* **Provided entries**

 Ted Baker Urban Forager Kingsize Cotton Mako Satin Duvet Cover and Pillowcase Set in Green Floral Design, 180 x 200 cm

* * *

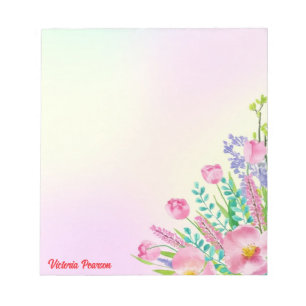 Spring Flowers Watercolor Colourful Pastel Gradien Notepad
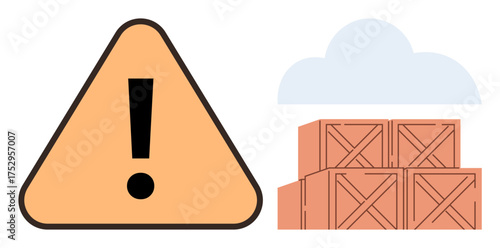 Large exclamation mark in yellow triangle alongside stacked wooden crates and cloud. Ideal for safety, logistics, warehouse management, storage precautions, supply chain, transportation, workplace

* **Task statement**
Lines wanted from the entries above: the one with "Spring Flowers Watercolor", the one with "Large exclamation mark", and all lines between. Please copy them exactly, without the pictures and without anything else.

* **Response**
 Spring Flowers Watercolor Colourful Pastel Gradien Notepad
 Large exclamation mark in yellow triangle alongside stacked wooden crates and cloud. Ideal for safety, logistics, warehouse management, storage precautions, supply chain, transportation, workplace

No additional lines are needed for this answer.